YOUR TASK:
Among the records, find the lines that hold the string "drawing" and return them.

DATA EXCERPTS:
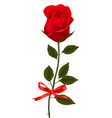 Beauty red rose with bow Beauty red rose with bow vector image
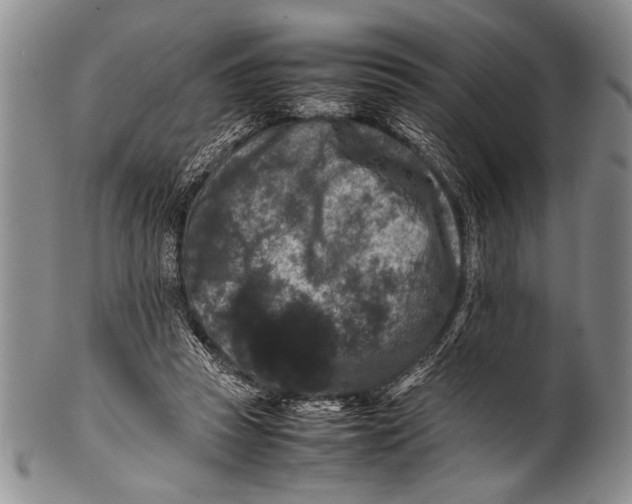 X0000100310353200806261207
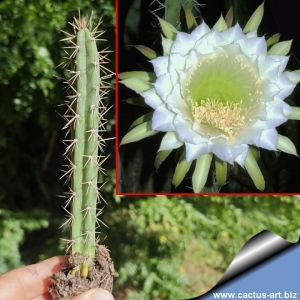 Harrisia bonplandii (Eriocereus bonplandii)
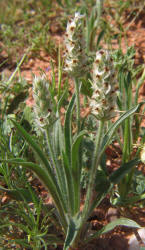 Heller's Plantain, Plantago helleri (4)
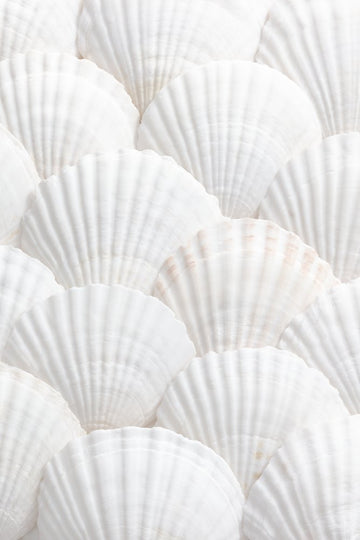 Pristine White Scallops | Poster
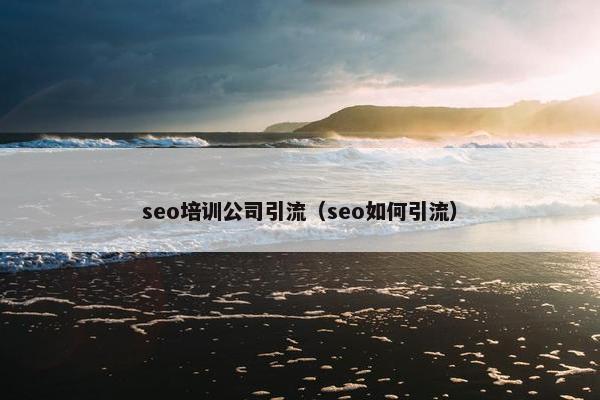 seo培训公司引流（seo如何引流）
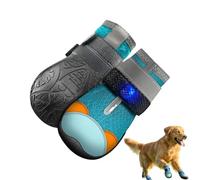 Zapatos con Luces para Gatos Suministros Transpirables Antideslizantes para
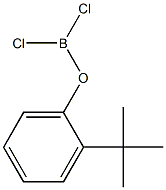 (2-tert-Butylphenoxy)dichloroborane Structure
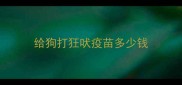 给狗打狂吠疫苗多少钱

* * *

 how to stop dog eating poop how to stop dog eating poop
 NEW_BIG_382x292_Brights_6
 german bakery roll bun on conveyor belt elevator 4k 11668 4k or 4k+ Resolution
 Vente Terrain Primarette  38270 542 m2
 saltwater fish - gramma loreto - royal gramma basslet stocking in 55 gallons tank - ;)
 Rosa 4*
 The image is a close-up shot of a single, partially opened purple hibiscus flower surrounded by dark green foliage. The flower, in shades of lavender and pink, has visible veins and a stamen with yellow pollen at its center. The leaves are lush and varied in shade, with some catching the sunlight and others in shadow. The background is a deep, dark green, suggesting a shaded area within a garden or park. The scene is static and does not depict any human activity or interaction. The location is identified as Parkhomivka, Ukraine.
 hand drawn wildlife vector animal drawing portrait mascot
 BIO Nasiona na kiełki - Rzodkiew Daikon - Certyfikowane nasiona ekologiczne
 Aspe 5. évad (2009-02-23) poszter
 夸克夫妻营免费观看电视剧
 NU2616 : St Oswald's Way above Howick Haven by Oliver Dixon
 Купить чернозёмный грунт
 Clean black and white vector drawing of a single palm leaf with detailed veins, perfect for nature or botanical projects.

==

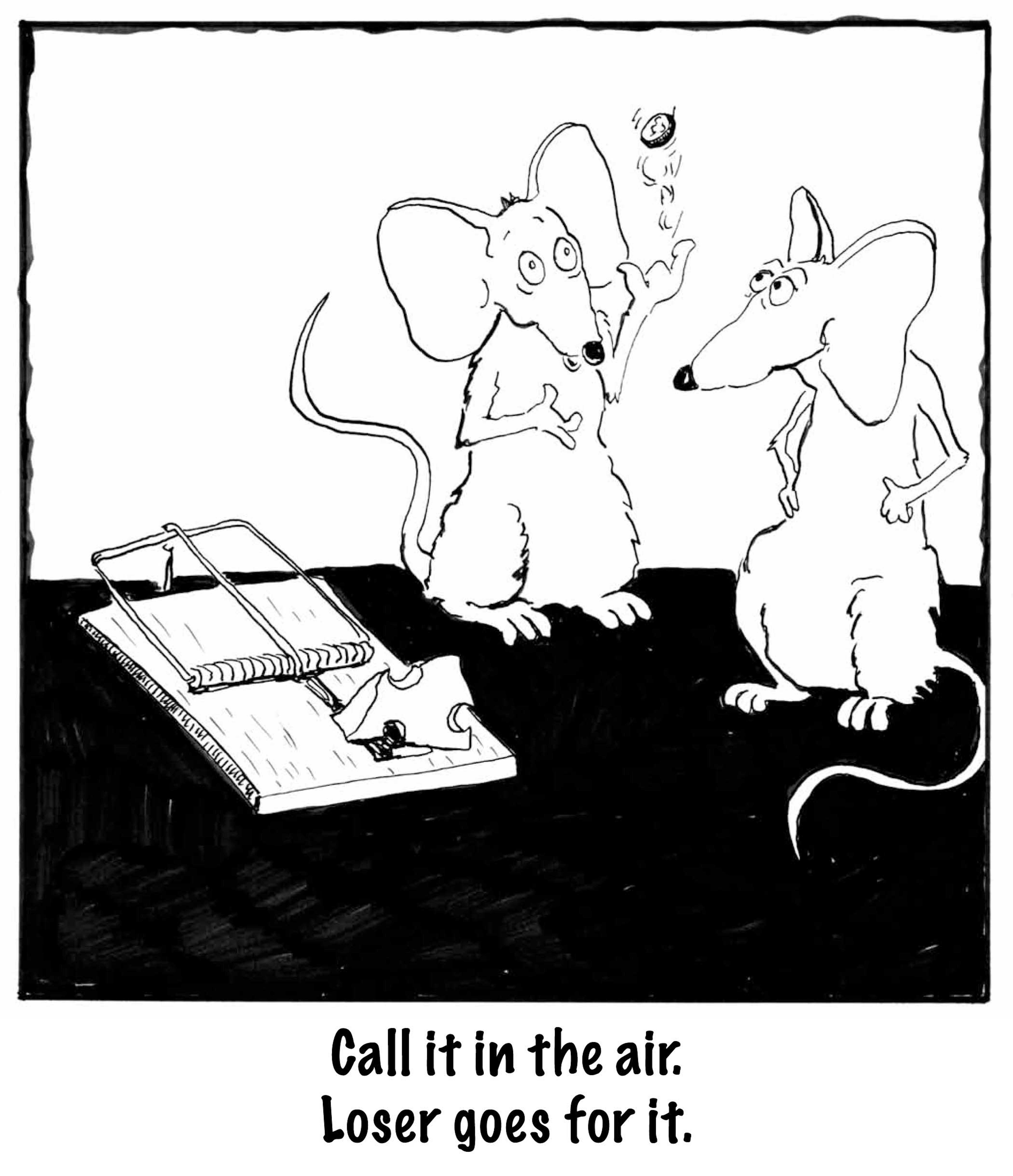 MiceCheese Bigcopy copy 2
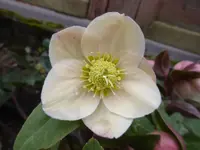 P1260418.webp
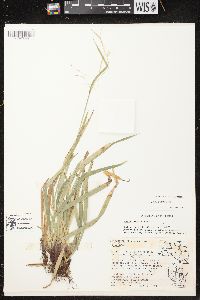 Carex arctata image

RESPONSE TO THIS EXERCISE:
 hand drawn wildlife vector animal drawing portrait mascot
 Clean black and white vector drawing of a single palm leaf with detailed veins, perfect for nature or botanical projects.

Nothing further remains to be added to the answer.